Brad Pitt speaks candidly on his career’s future, stating that he is picky but is open to starring in a new film ‘when the timing is perfect.’
Brad Pitt has opened up about his professional and personal challenges. The Bullet Train star opened up about his career in the August issue of GQ, stating that he is more choosy about the projects he takes on these days. “I consider myself to be on my last leg, this last semester or trimester,” he told the publication. “What will this section be about?” And how do I want to design it?”
Brad Pitt is picky about his acting assignments but is open to taking on new projects “when the timing is right, especially when there’s a personal connection.” Brad Pitt’s next film will be Bullet Train, an action-comedy thriller in which he portrays an assassin who has recently recovered from burnout and returns to his high-stakes job with a rather misplaced sense of confidence in his fitness for duty.

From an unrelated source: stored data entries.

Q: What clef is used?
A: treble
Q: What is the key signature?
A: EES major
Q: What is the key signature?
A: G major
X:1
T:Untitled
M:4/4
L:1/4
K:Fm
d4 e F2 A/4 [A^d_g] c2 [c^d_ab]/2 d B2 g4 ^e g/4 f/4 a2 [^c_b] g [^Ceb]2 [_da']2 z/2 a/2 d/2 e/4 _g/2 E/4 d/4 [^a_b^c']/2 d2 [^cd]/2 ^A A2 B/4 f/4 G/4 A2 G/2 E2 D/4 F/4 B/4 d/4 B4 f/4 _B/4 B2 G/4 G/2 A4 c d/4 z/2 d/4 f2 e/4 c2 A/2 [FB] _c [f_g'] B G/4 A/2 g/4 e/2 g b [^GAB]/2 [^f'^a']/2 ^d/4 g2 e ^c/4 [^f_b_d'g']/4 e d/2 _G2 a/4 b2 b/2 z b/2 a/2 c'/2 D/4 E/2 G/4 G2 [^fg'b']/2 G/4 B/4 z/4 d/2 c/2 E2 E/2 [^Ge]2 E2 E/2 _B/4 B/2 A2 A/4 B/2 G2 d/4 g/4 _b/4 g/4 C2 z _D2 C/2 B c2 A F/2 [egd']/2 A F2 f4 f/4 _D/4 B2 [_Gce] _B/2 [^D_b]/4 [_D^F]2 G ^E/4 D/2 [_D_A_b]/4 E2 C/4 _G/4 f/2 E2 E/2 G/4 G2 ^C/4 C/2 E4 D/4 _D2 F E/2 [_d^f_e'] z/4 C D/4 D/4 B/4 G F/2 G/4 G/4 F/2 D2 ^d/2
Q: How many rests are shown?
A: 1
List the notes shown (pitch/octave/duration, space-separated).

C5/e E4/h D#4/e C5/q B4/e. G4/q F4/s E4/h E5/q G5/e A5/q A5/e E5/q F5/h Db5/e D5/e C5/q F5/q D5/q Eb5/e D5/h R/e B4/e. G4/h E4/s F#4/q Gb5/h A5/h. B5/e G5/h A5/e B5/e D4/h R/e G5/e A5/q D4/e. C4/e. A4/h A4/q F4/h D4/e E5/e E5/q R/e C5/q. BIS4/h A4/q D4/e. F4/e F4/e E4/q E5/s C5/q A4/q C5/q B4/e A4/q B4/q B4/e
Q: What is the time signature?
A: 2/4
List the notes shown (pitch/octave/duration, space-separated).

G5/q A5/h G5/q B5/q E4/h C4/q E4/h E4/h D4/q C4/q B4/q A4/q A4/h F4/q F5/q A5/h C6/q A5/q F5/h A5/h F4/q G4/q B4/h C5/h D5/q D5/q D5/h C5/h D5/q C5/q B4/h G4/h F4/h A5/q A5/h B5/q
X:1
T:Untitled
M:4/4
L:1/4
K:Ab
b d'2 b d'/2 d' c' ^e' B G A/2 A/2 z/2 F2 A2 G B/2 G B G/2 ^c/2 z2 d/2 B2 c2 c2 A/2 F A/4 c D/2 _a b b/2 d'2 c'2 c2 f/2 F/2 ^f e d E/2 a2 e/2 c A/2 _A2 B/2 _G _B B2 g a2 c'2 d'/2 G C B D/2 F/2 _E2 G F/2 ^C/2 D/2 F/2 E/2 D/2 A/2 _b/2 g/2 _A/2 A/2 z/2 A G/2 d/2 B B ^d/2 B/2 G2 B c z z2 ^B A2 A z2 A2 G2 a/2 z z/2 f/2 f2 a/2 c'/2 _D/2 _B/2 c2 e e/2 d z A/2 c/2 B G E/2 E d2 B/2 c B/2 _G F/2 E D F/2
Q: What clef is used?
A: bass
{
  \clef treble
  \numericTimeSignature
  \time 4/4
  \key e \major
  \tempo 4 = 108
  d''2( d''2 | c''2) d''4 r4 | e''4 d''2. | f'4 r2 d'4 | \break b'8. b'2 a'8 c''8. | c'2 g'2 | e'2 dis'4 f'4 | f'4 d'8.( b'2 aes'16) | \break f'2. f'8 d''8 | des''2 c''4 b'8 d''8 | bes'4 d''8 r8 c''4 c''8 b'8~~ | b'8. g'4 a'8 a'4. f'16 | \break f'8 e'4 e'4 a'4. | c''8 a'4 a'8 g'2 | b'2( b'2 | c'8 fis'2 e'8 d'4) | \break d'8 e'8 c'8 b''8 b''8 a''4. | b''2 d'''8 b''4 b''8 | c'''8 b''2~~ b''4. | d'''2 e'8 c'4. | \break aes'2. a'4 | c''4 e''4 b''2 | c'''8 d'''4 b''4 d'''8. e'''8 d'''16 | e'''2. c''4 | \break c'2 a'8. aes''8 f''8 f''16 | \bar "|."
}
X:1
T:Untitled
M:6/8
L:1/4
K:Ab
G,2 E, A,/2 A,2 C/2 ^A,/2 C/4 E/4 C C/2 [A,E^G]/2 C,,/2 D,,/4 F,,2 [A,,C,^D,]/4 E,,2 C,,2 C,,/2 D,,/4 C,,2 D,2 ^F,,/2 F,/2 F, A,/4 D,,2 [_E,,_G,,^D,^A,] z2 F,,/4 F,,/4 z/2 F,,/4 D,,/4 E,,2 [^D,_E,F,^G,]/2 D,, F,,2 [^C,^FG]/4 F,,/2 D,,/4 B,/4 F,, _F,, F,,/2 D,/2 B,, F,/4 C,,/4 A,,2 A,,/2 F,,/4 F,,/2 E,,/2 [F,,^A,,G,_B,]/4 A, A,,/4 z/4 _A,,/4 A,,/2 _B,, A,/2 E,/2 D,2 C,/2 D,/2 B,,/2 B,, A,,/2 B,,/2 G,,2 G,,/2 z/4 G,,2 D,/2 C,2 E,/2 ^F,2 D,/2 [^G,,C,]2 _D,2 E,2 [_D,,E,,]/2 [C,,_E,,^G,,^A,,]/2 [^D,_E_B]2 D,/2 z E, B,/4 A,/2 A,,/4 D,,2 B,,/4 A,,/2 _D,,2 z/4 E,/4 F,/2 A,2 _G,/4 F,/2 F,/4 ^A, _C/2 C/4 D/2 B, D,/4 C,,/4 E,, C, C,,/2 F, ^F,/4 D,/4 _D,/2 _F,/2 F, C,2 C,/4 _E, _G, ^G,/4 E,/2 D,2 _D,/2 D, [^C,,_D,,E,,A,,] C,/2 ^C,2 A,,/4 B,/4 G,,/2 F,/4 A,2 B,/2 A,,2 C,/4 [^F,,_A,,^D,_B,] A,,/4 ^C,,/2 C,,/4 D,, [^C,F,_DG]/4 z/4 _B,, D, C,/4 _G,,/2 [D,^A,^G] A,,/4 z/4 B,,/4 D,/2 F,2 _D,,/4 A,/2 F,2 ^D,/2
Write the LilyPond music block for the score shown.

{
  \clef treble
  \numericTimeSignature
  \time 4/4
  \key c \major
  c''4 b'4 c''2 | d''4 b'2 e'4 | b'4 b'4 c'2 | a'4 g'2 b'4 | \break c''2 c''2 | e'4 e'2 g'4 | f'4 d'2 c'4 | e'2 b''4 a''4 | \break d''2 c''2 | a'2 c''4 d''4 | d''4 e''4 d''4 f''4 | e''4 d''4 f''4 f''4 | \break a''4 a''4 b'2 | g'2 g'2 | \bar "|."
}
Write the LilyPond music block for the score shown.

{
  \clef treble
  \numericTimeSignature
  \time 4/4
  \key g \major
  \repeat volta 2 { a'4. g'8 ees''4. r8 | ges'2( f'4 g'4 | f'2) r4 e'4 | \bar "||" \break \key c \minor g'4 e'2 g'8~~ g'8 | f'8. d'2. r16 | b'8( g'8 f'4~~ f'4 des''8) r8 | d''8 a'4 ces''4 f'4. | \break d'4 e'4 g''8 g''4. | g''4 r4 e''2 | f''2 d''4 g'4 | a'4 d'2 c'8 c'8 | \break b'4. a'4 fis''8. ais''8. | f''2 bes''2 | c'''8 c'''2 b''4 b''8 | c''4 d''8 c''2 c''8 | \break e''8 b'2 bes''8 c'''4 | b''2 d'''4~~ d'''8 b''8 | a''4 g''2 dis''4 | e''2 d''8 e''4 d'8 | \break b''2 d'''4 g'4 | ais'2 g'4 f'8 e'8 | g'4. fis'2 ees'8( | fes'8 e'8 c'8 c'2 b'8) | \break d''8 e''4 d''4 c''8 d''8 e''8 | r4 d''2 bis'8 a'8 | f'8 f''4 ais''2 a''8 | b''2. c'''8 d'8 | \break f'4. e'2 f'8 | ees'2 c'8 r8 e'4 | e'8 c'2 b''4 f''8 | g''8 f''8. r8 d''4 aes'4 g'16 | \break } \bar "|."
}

While talking about his Bullet Train role, Brad Pitt shared, “You know, you do a month of therapy, you have one epiphany, and you think you’ve got it all figured out, and you’re never going to be forlorn ever again. That was that. ‘I got this, I’m good to go!’” Pitt’s not just selective with his acting roles, but with his producing projects too. With his production company, Plan B Entertainment, he admitted that the experience is “gratifying in new and different ways.”
Brad Pitt
The long-awaited film adaptation of Joyce Carol Oates’ Blonde, a fictitious biography of Marilyn Monroe’s inner life, directed by Andrew Dominik and starring Ana de Armas, will also be released by Plan B. According to the GQ interview, the actor went to Alcoholics Anonymous for over a year after his divorce from Angelina Jolie in 2016. “I had a really cool men’s group here that was private and selective, so it was safe,” he explained to GQ.
“Because I’d seen things of other people, like Philip Seymour Hoffman, who had been recorded while they were spilling their guts, and that’s just atrocious to me.” Brad Pitt also talked about his lifelong feelings of loneliness. “I always felt very alone in my life,” he explained to the magazine, adding, “alone growing up as a kid, alone even out here, and it’s really not till recently that I have had a greater embrace of my friends and family.”